Similar to recent movies like “Oculus” and “Mama,” “Lights Out” puts into a protagonist’s life that’s already filled with drama. Here we have a young boy stuck in his house with an increasingly crazy mother. His father was killed and his big sister got out as soon as she was old enough. Because of the scary thing in the house, he can’t sleep, which is causing him problems at school. Problems his mother doesn’t seem especially equipped to help him address.
When mother fails to pick him up from school, the duty falls to the boy’s twenty-something sister, Rebecca, played by “Warm Bodies” alumnus Teresa Palmer as a sharp-edged rocker chick who won’t let her boyfriend too close, even though he’s obviously madly in love with her. She’s also in no position to take over parental duties from her mother but, as things escalate, she’s faced with some hard choices.

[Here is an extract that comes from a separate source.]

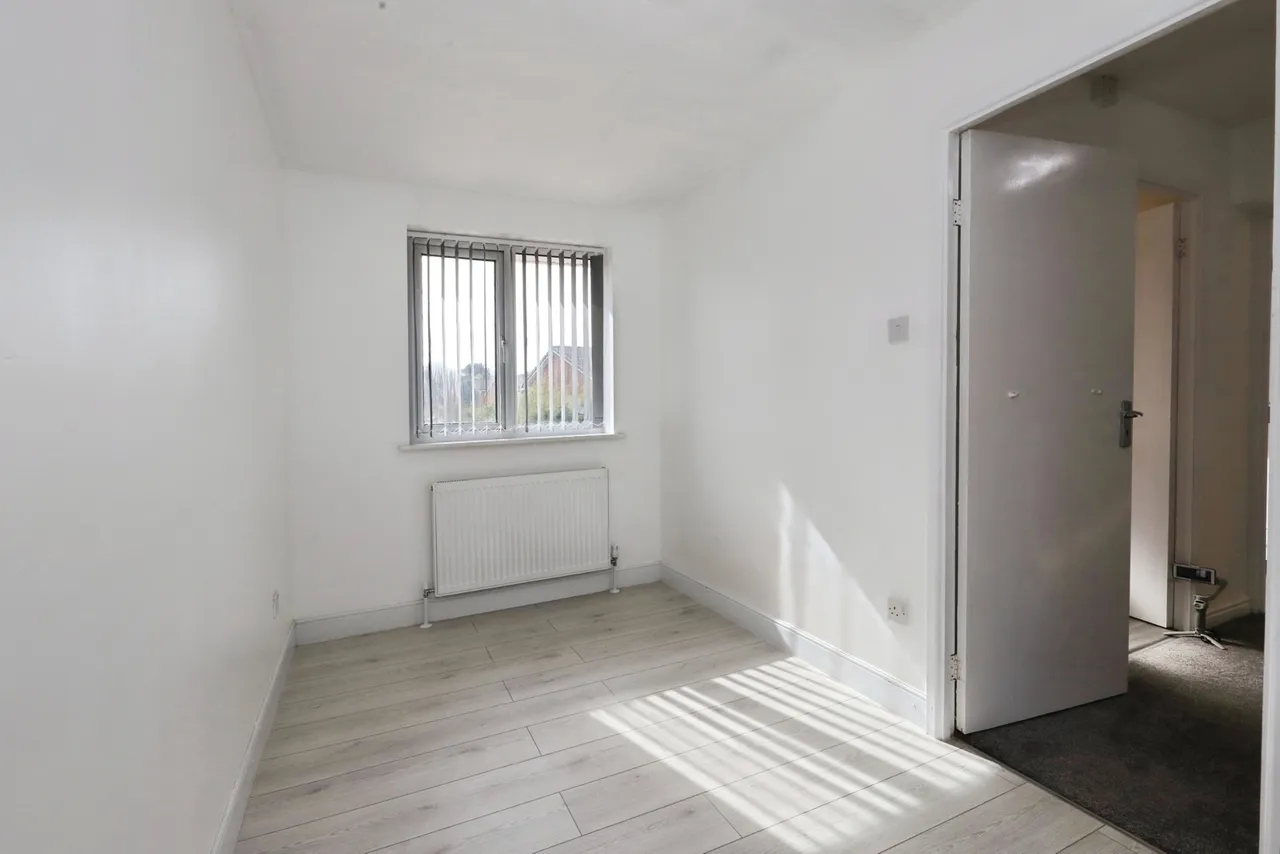 Sheaves Close, Bilston, WV14, photo 14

The mother here is played by Maria Bello, always a strong presence, here a broken mix of anxiety, depression and terror. As we learn more and more about the creature in the darkness, we start to see her character unspool, learning this far more than a simple house haunting and the sadness that defines their family is far from an accident.

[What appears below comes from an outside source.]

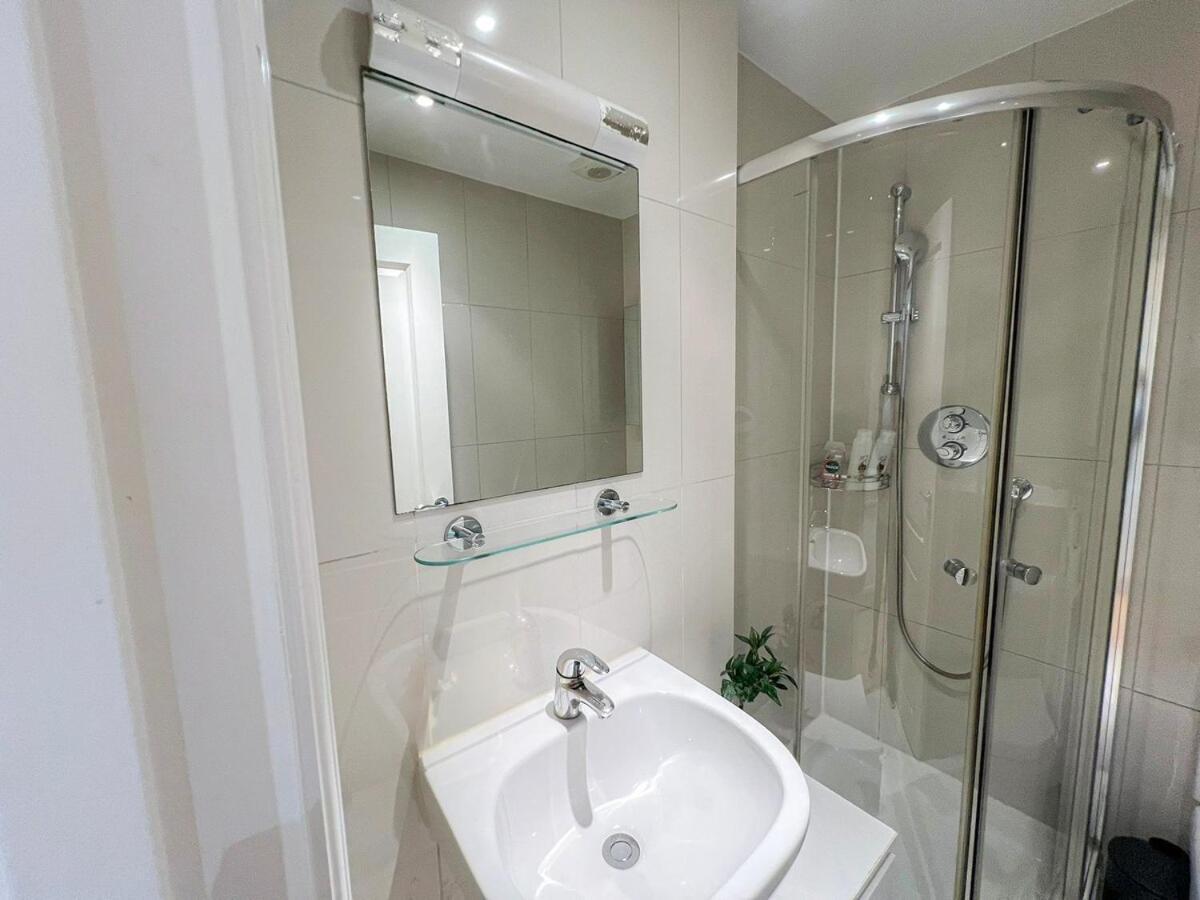 3 Bedroom Apartment With Private Terrace In Pimlico, Westminster, Victoria لندن المظهر الخارجي الصورة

At the center of “Lights Out” is a monster that can only survive in the darkness. It avoids any and all light and as long as you can keep yourself surrounded by light, you’re ok. This leads to an assortment of scenes where lights flicker and the monster appears, only to vanish when the lights stay on, or, in some cases, to be able to make a move when the darkness stays.
As slight as “Lights Out” sometimes is (and even at 81 minutes it still feels padded toward the end,) it’s still working off a foundation of something serious. These are hard characters who have lived a hard life, they’ve hurt one another and been hurt. Palmer’s Rebecca is independent and defiant but knowingly lost. Her decision to take care of her baby brother is not she’s prepared for, but still one she takes, knowing that doing so would put her back near the danger she had fled from so many years ago.
Bello, too, is playing to a serious mental trauma in her character. She’s both manipulated and terrified, a victim from so many directions. She’s lost two men and her daughter to this curse and knows she’ll lose her son. In one scene she attempts to save him by having him embraced by the darkness. She’s the one that gets the most hurt. It’s the tragedy of her situation that fuels the movie’s frantic finale.
Fear of the dark is the basic staple of horror movies. “Lights Out” takes that basic idea and drills into a family dynamic, blurring the line between the horrors of real life and the horrors of the supernatural. It may not be able to completely support its own weight but, even when it falls short, there’s still enough going on in the shadows to make you shiver.